--- Information shown Enclosed Below ---
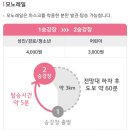 네일:화담 이미지
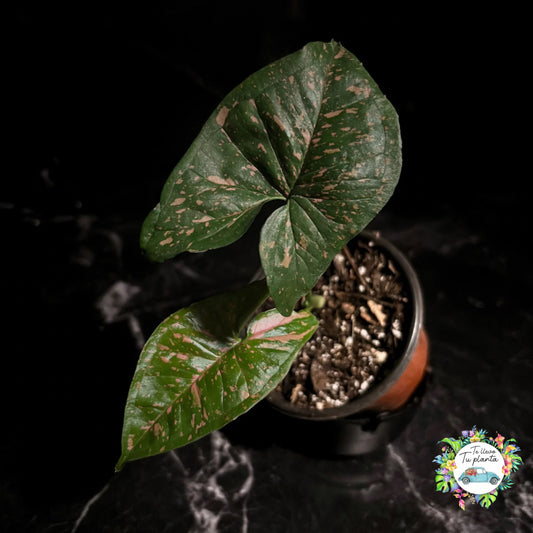 Syngonium Pink Splash Allusion “4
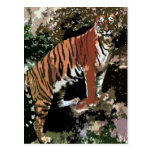 Mountain Tiger Postcard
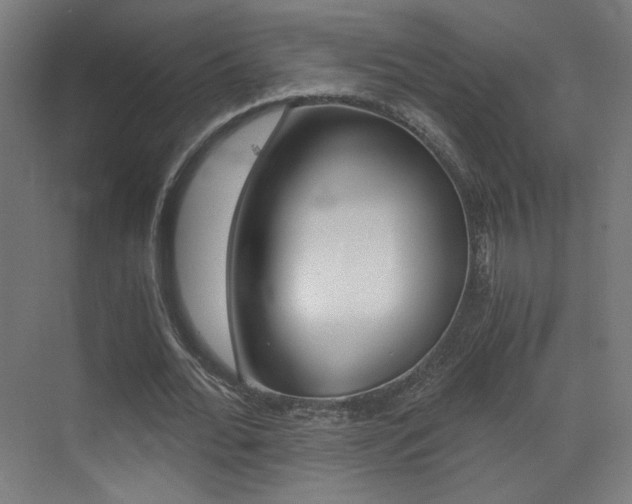 X0000073470676200607281059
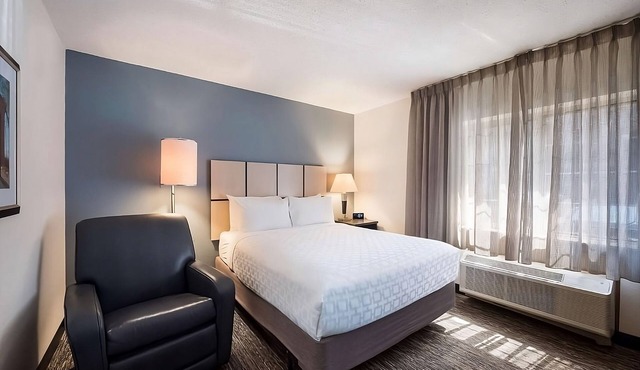 Pleasant and Comfortable Stay! Pet-Friendly, Close to Dallas-Fort Worth Airport in Irving
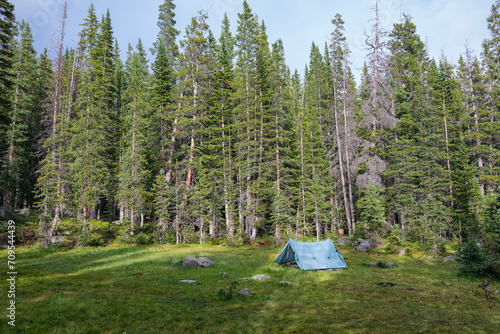 Tent nestled among tall trees in a serene forest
--- End of Enclosed Information shown ---
The listing above should be returned word for word, with pictures omitted.

> _Solution below_:
 네일:화담 이미지
 Syngonium Pink Splash Allusion “4
 Mountain Tiger Postcard
 X0000073470676200607281059
 Pleasant and Comfortable Stay! Pet-Friendly, Close to Dallas-Fort Worth Airport in Irving
 Tent nestled among tall trees in a serene forest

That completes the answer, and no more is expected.